◆ PROVIDED RECORDS
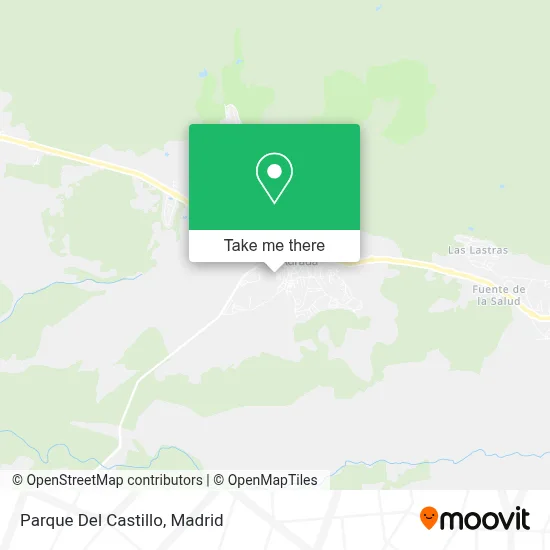 Parque Del Castillo map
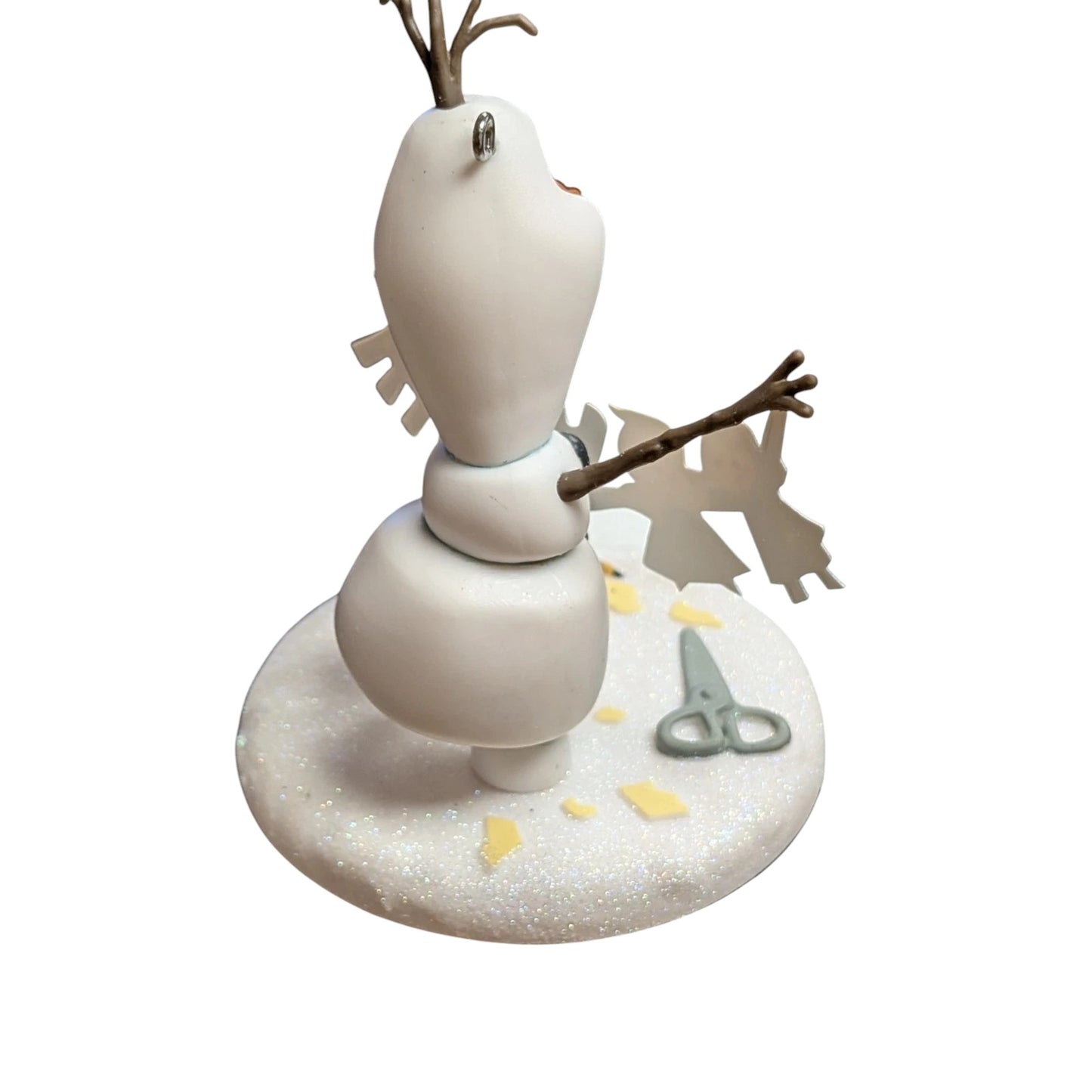 2017 Olaf's Frozen Adventure Hallmark Ornament (Disney) QXD6312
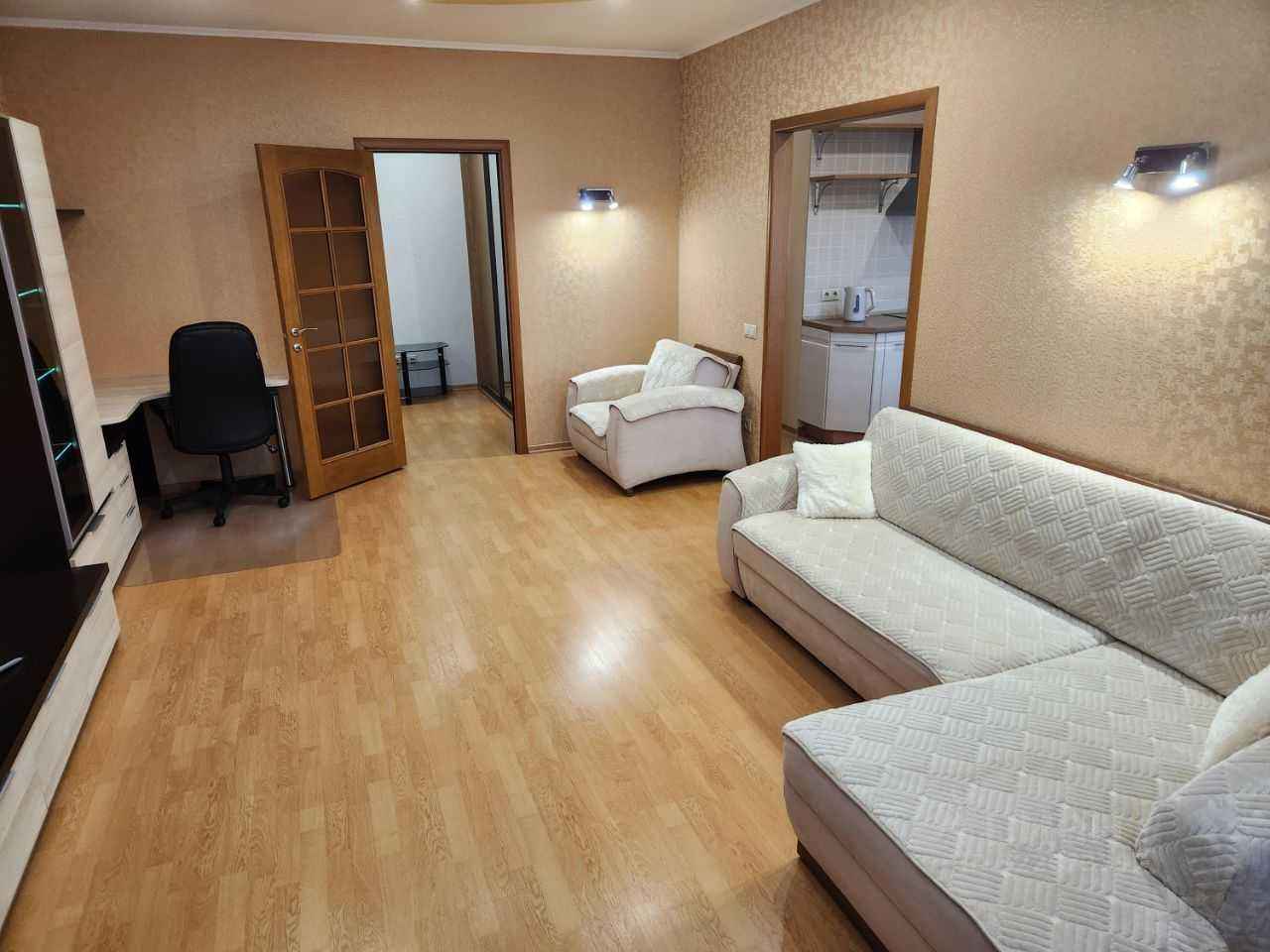 2-комнатная квартира, 55 м² — фотография 2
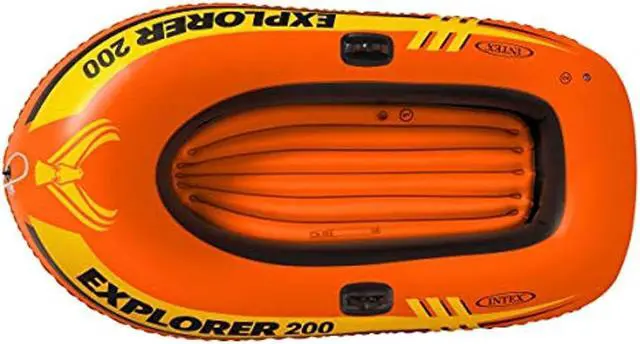 Alt view image 8 of 16 - Intex Explorer 200 Boat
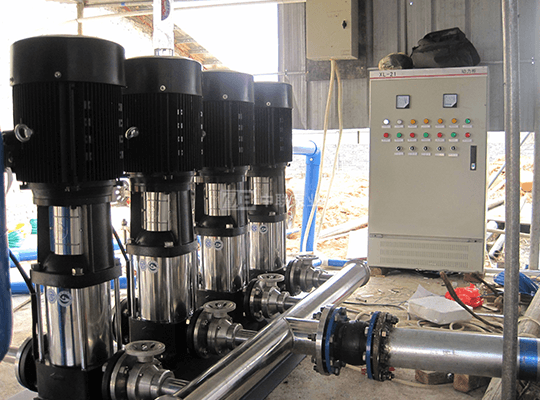 Constant pressure and variable frequency water supply equipment series BH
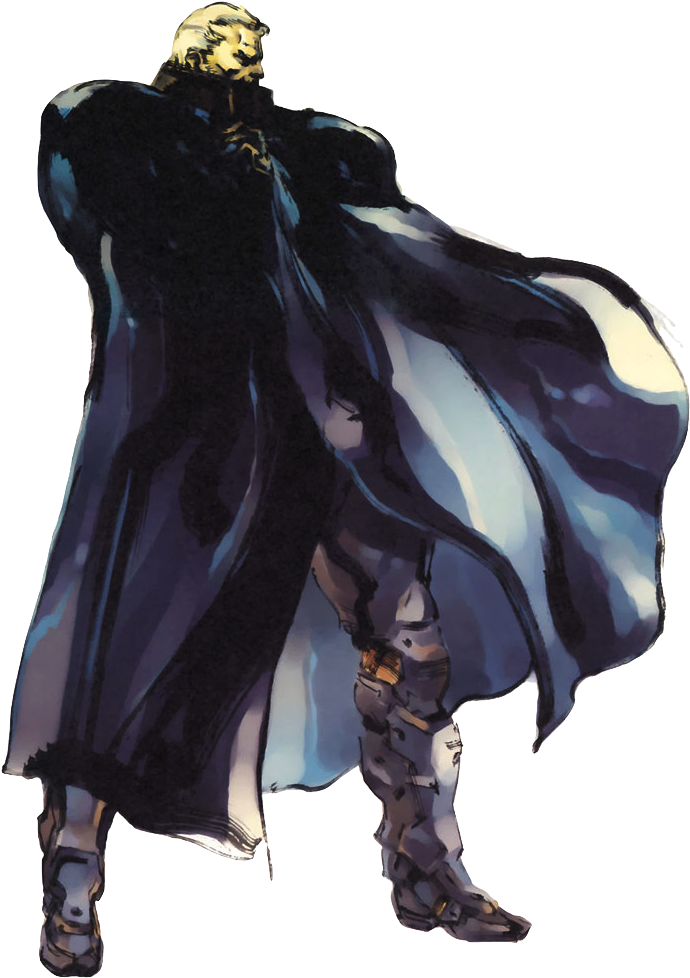 Metal Gear Solid 2 Cast Solidus Snake - Metal Gear Solidus Snake (800x1000), Png Download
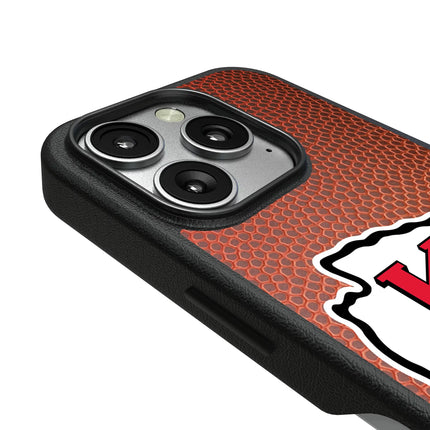 Kansas City Chiefs Football Wordmark MagSafe Compatible Phone Case for Apple iPhone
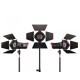 Набор LED прожекторов Aputure Light Storm LS-Mini 20 Flight Kit (ddc)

◆ ABOUT THIS TASK
Lines from the one holding "Alt view image" to the end of the data, both ends included, are to be given again exactly; no pictures belong in the copy.

◆ EXERCISE RESULT
 Alt view image 8 of 16 - Intex Explorer 200 Boat
 Constant pressure and variable frequency water supply equipment series BH
 Metal Gear Solid 2 Cast Solidus Snake - Metal Gear Solidus Snake (800x1000), Png Download
 Kansas City Chiefs Football Wordmark MagSafe Compatible Phone Case for Apple iPhone
 Набор LED прожекторов Aputure Light Storm LS-Mini 20 Flight Kit (ddc)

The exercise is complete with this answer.